> What this task involves
A word-for-word repeat of all the data is the goal.

> Provided data

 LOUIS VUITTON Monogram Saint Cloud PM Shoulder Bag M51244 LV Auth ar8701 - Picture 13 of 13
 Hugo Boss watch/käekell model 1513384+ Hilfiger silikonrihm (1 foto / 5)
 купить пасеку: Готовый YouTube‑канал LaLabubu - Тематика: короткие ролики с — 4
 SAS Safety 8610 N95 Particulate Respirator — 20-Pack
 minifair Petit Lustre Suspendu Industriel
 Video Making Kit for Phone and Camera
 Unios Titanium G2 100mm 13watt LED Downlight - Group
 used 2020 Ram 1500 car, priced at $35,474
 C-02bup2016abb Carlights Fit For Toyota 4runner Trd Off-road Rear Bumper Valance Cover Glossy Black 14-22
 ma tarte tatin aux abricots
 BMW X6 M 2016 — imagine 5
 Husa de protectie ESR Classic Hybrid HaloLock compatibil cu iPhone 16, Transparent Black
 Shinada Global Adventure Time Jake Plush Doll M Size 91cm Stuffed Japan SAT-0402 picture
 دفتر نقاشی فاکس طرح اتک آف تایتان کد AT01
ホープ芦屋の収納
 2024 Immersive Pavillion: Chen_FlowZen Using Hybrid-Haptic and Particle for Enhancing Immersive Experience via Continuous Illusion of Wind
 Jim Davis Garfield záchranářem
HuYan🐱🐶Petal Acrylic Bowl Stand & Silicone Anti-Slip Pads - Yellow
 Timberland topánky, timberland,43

> Response
 LOUIS VUITTON Monogram Saint Cloud PM Shoulder Bag M51244 LV Auth ar8701 - Picture 13 of 13
 Hugo Boss watch/käekell model 1513384+ Hilfiger silikonrihm (1 foto / 5)
 купить пасеку: Готовый YouTube‑канал LaLabubu - Тематика: короткие ролики с — 4
 SAS Safety 8610 N95 Particulate Respirator — 20-Pack
 minifair Petit Lustre Suspendu Industriel
 Video Making Kit for Phone and Camera
 Unios Titanium G2 100mm 13watt LED Downlight - Group
 used 2020 Ram 1500 car, priced at $35,474
 C-02bup2016abb Carlights Fit For Toyota 4runner Trd Off-road Rear Bumper Valance Cover Glossy Black 14-22
 ma tarte tatin aux abricots
 BMW X6 M 2016 — imagine 5
 Husa de protectie ESR Classic Hybrid HaloLock compatibil cu iPhone 16, Transparent Black
 Shinada Global Adventure Time Jake Plush Doll M Size 91cm Stuffed Japan SAT-0402 picture
 دفتر نقاشی فاکس طرح اتک آف تایتان کد AT01
ホープ芦屋の収納
 2024 Immersive Pavillion: Chen_FlowZen Using Hybrid-Haptic and Particle for Enhancing Immersive Experience via Continuous Illusion of Wind
 Jim Davis Garfield záchranářem
HuYan🐱🐶Petal Acrylic Bowl Stand & Silicone Anti-Slip Pads - Yellow
 Timberland topánky, timberland,43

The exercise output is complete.